Mind, language, and logic
What am I? What is a person? What is thinking? What is seeing? What is it to do something? What is consciousness? What is freedom? Are we free? Do we think in words, pictures, or something else? How do we understand language? How does language get its meaning? What is communication? What is truth? When can we be certain we have got it? Why might we want it?
What will I learn in philosophy courses?
Philosophical theories
Philosophical theories explain what philosophers have thought about certain mysteries. These philosophers can include anyone from ancient Greek or Asian philosophers, up through the dawn of the scientific revolution in Europe, until today: often we teach our students what our teachers and friends have thought, or what we ourselves think or have thought. The point of this is
- To help students find their way around the steep and foggy terrain we cover
- To give students a sense of what has been tried so that they don’t reinvent the wheel or go down a blind alley; and
- To make a student more creative: people are more creative in dialogue than solo, but dialogue can include a ‘pretend’ dialogue with Socrates.
Intellectual techniques
One very important technique is sophisticated reading: being able to pick up nearly anything and read it and (if not too jargony or complicated) understand it. Reading philosophy very carefully is a hard workout that will help a student read anything with more understanding.
Another very important technique is understanding how chains of reasoning fit together: how people get from their starting-points to their conclusions, what makes sense and what doesn’t—this is known as logic, and it is a large part of our instruction.
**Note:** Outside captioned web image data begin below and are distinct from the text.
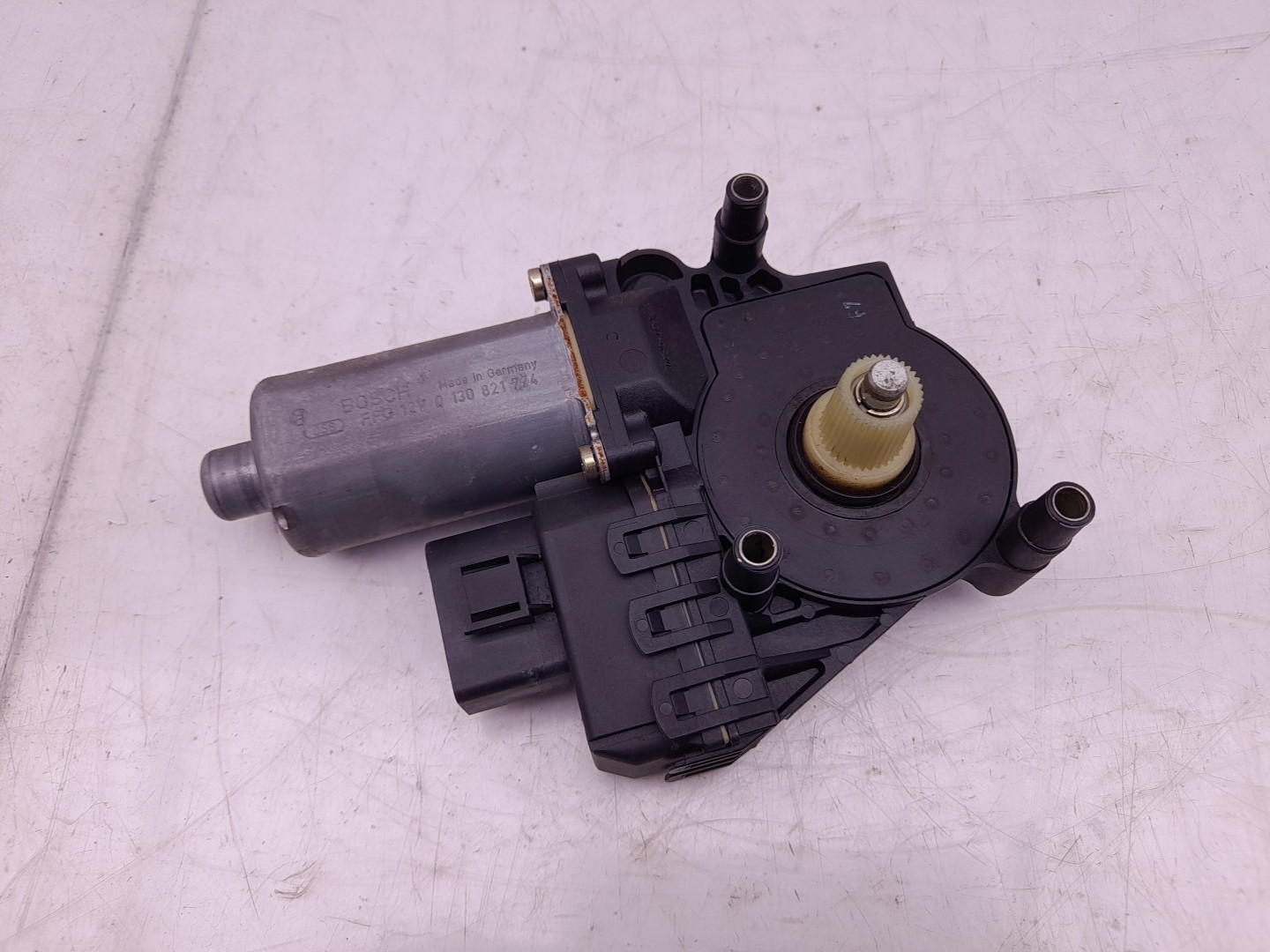 Motor Elevalunas Delantero Derecho AUDI A6 (4B2, C5) Imagem-3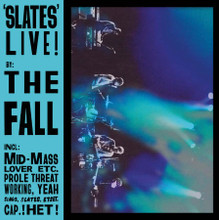 The Fall Slates Live (10" VINYL EP)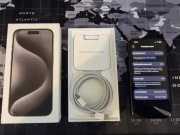 Apple iPhone 15 Pro 128 GB Idealny z super dodatkami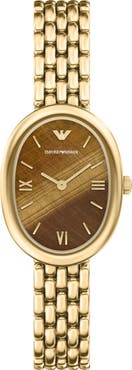 Emporio Armani Large Sinfonia Bracelet Watch, 26mm x 34mm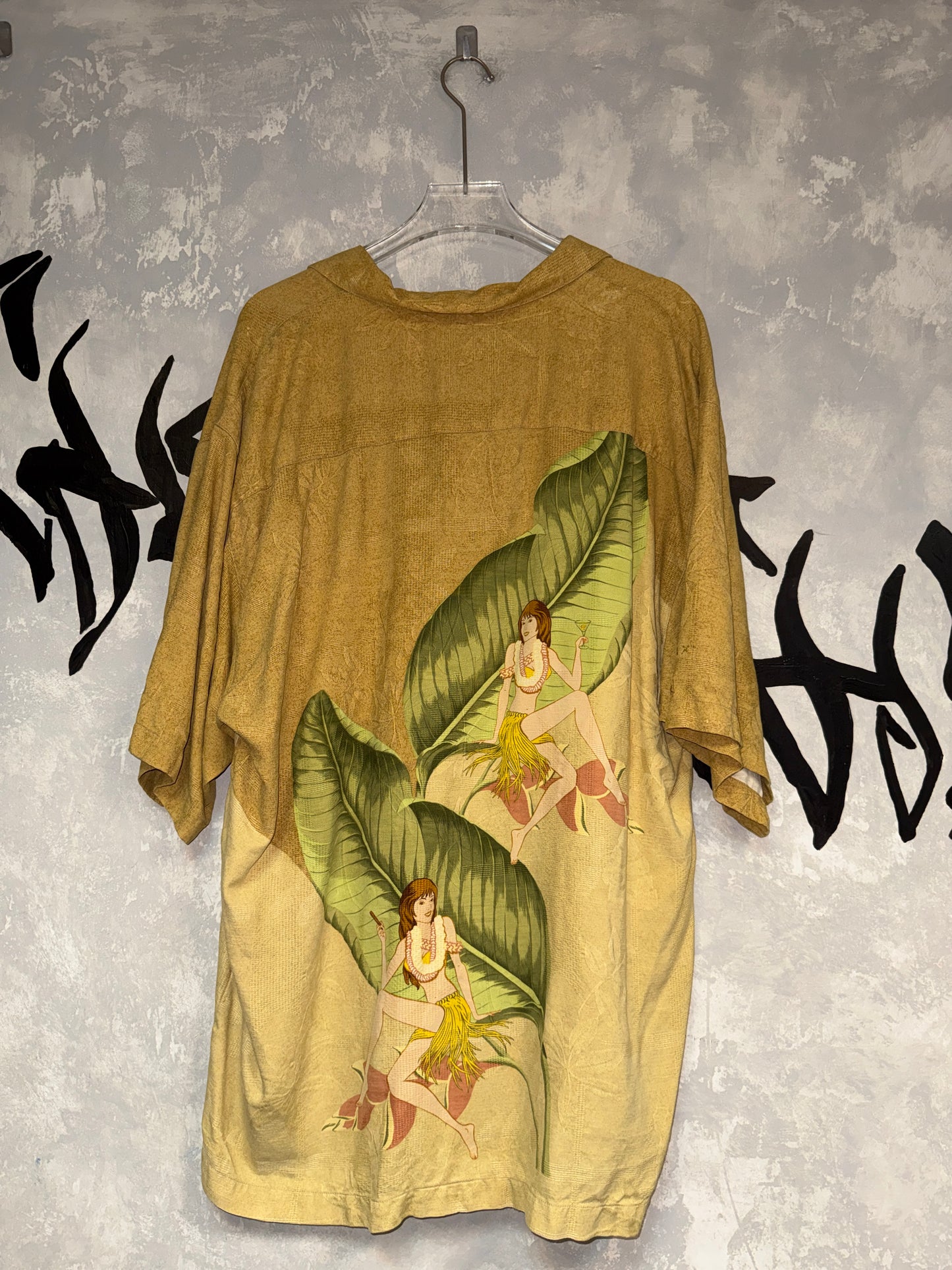 Cuba Vintage Shirt (Defective)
Still another very important technique is modeling: how to take something fuzzy or foggy and make it a bit mathematical. If you think of how Isaac Newton used calculus to describe the motion of bodies, that is an example of modeling: in philosophy, we teach students how to get started modeling anything.
A final important technique is writing clearly: we are very picky about style and substance; we push our students to write more professionally and convincingly about difficult topics.